__Records provided__
-=-=-=-=-

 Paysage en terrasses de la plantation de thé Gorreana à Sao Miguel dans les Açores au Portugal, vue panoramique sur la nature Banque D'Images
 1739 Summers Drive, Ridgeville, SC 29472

-=-=-=-=-

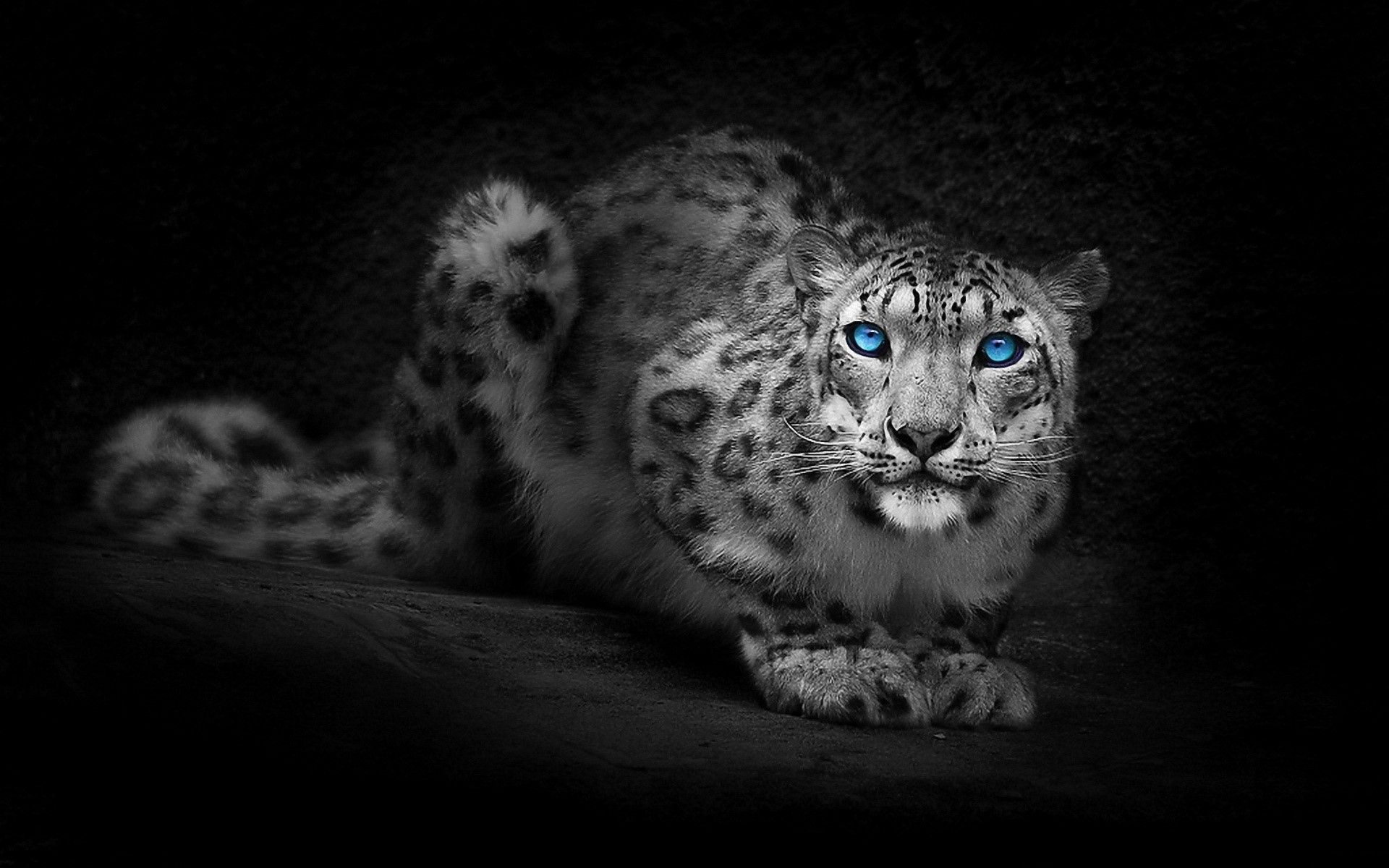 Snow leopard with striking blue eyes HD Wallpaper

-=-=-=-=-

__Work required__
What you give back should be only the lines of the records above, starting at the line with "Paysage en terrasses" and ending at the line with "1739 Summers Drive, Ridgeville, SC 29472", restated word for word.

__Solution for this exercise__
 Paysage en terrasses de la plantation de thé Gorreana à Sao Miguel dans les Açores au Portugal, vue panoramique sur la nature Banque D'Images
 1739 Summers Drive, Ridgeville, SC 29472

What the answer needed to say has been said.